# Where did you ride today?



## Impy (Jan 6, 2004)

Did you ride today? How was it? Flowers? Critters? Good ride?


----------



## connie (Mar 16, 2004)

Nowhere... it's been raining/snowing for days. Seems spring lasted for all of a week or two last month and now we've gone back to winter.


----------



## LadyDi (Apr 17, 2005)

Impy said:


> Did you ride today? How was it? Flowers? Critters? Good ride?


Las Llajas-- my favorite "stretch-the-legs" pre-work ride. Las Llajas is just a lovely old ranch road with a seasonal creek, but it connects to an excellent trail system in the hills north of Simi Valley, CA.


----------



## MtbRN (Jun 8, 2006)

Bear Creek Lake Park in Lakewood, CO. My "out the back door" ride- a state park within 2 miles of my home with 2 lakes and a rushing creek that looks more like a river right now due to spring rains and snow melt. 

Lots of folks out today pre-riding the race course in preparation for a mountain bike race next weekend. Saw a small herd of mule deer at the north-west end of the park. Not too much wind. Just a little mud. 20 miles with a few short steep climbs and some tight winding singletrack by the creek. Trails were in great shape and it didn't rain on us. 

Skied my last day of the season yesterday on some surprisingly good powder. Now it is bike season  Life is good.


----------



## Impy (Jan 6, 2004)

I did not ride today as I worked. Am hoping to get out early enough to do a quick after ride loop tommorow. I will post pix if I get out.


----------



## tscheezy (Dec 19, 2003)

Another sunny day in coastal Alaska accompanied by minus tides called for a beach ride. Spring is still trying to assert itself, though temps remain l a bit cool.

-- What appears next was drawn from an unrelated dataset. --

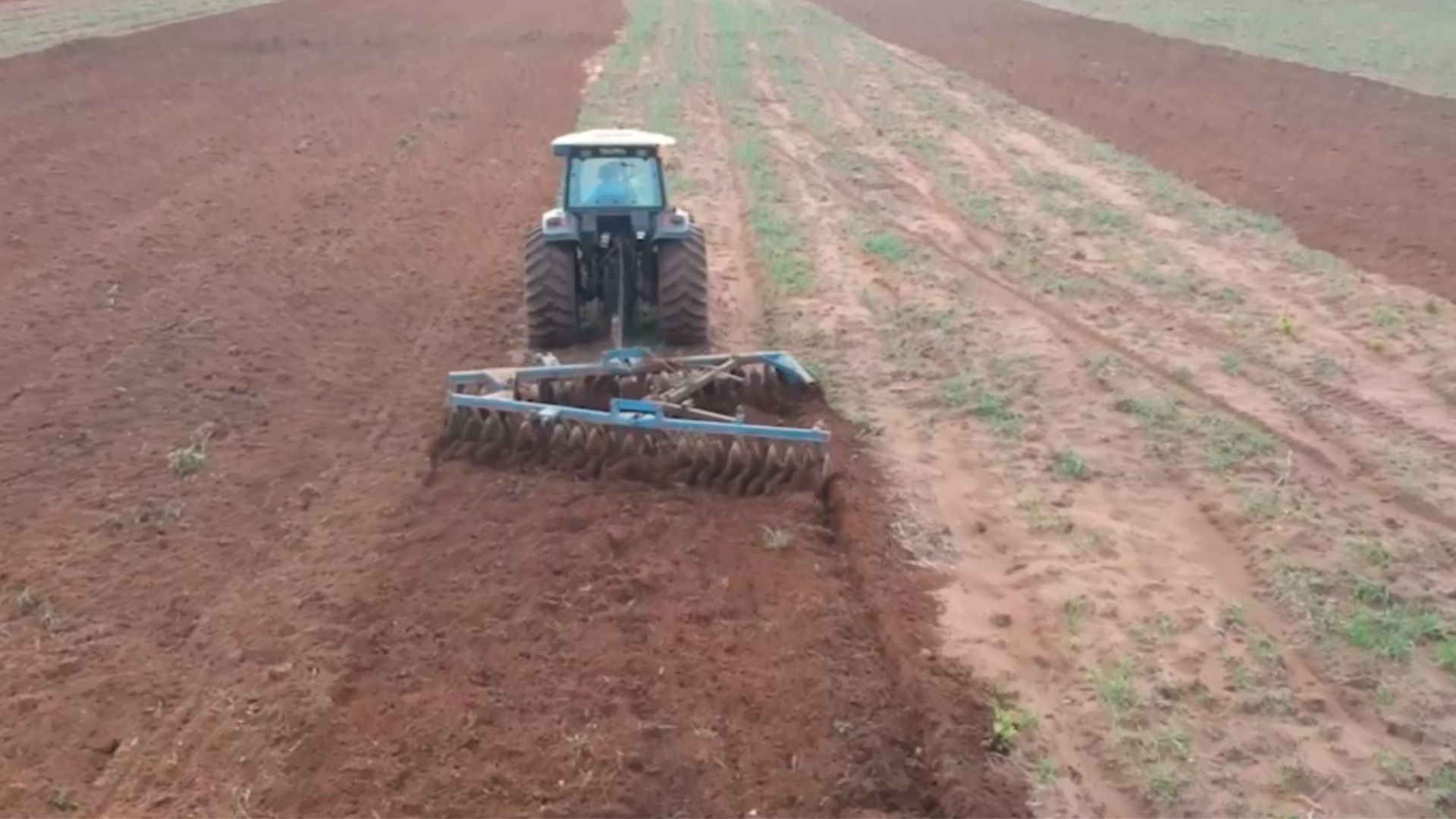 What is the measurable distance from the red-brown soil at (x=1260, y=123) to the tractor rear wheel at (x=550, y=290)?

We started from just north of a cape marking one of the eastern-most points on Kodiak Island and rode north on the wide sand beach. Other than critter tracks (Sitka black-tail deer, fox, buffalo, etc) and some kelp, the beach was totally unmarked.

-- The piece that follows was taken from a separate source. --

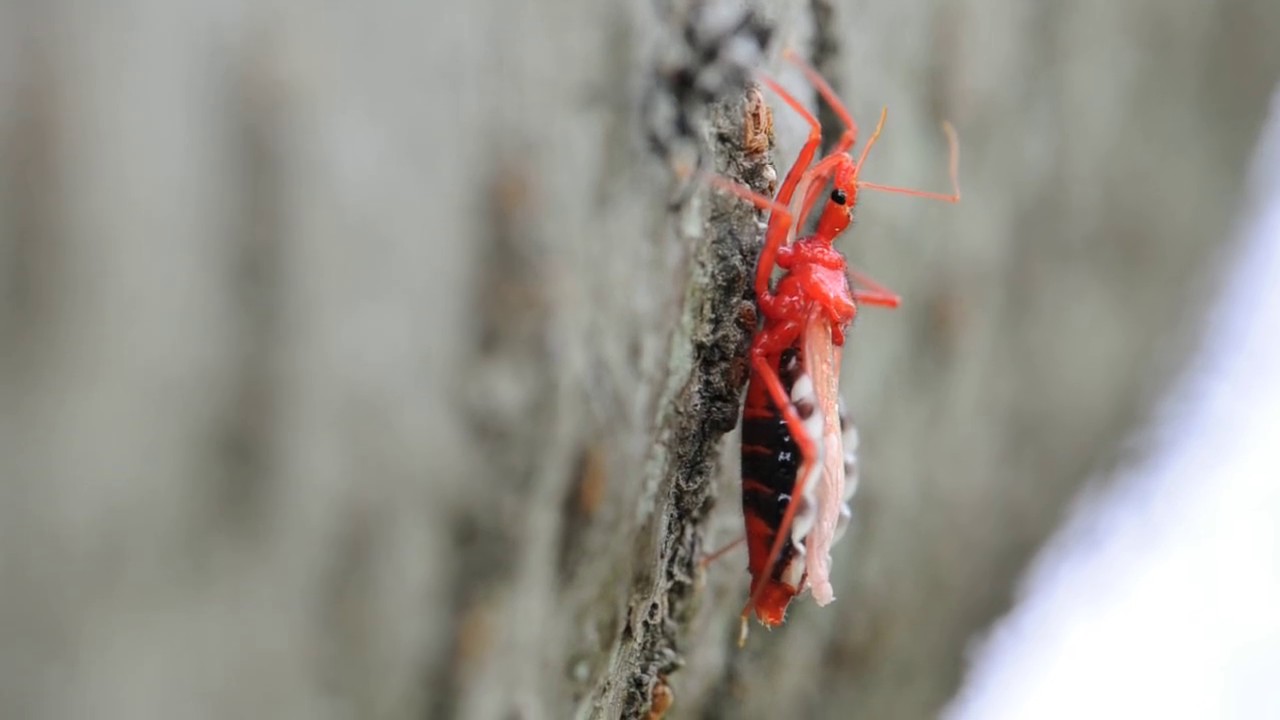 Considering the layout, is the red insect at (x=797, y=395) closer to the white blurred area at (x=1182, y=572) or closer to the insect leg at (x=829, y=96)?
the insect leg at (x=829, y=96)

There are a few shallow creeks cutting the beach we need to cross.










The Emerald Isle won't green up for a few more weeks, but spring shoots were in evidence.

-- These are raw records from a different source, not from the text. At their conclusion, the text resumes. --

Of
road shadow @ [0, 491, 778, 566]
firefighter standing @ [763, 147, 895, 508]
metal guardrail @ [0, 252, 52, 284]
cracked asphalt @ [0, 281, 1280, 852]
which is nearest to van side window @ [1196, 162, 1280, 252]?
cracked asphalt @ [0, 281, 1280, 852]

A series of small capes break the beach into sections with easily negotiated boulder fields. Easy at low tide, that is. 




























We got to the Sacramento River and had lunch. This river cuts through the beach at the northern extent of the sandy coastline. North of this point are uninterrupted steep cliffs for miles.





































A small ranch borders the beach and livestock roam the hills freely. These horses seemed especially thankful for a warm spring day.










On our way back we decided to ride all the way around the cape we started at the northern end of. This required us to leave the beach and ride the meadows above the cliffs. There are plenty of buffalo trails to follow.














































We are in the middle of the California gray whale migration right now and all along the coast hundreds of spouts dotted the ocean. In the water below the bluffs, harbor seals played in the shallows.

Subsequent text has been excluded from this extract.